» WHAT NEEDS TO BE DONE
Your copy should match the listing word for word, apart from the pictures, which are left out.

» DATA EXTRACT
———
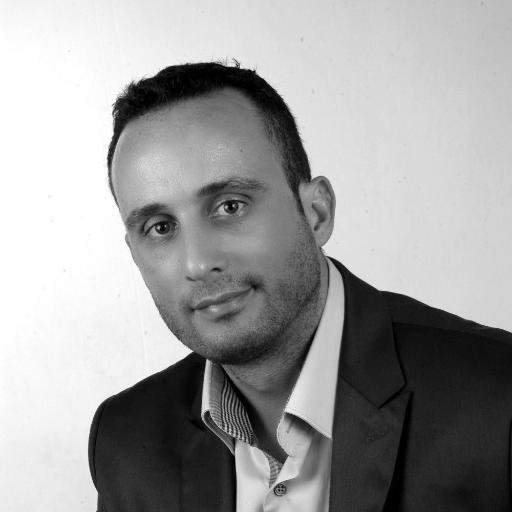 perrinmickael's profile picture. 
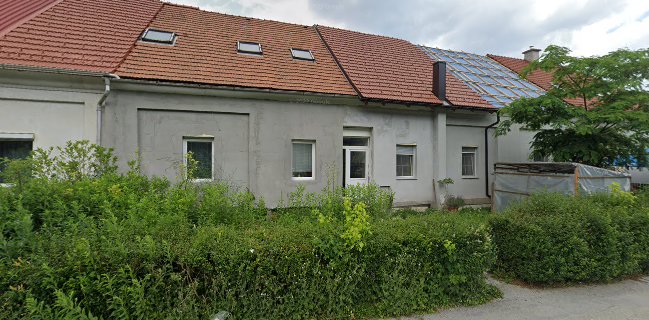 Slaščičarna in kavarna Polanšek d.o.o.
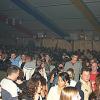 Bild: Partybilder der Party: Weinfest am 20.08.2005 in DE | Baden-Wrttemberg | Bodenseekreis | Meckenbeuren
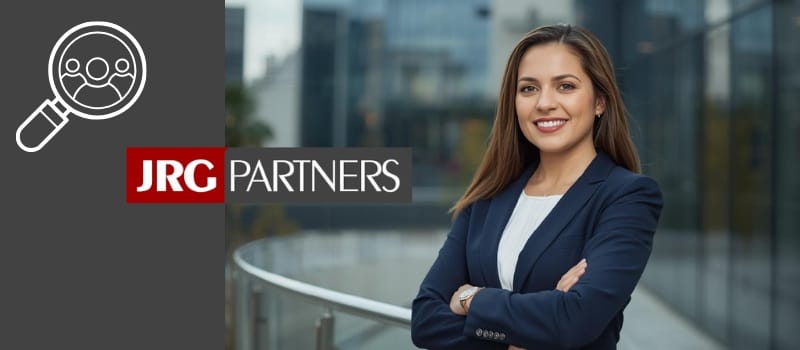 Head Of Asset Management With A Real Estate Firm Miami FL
———
» SOLUTION BELOW
 perrinmickael's profile picture. 
 Slaščičarna in kavarna Polanšek d.o.o.
 Bild: Partybilder der Party: Weinfest am 20.08.2005 in DE | Baden-Wrttemberg | Bodenseekreis | Meckenbeuren
 Head Of Asset Management With A Real Estate Firm Miami FL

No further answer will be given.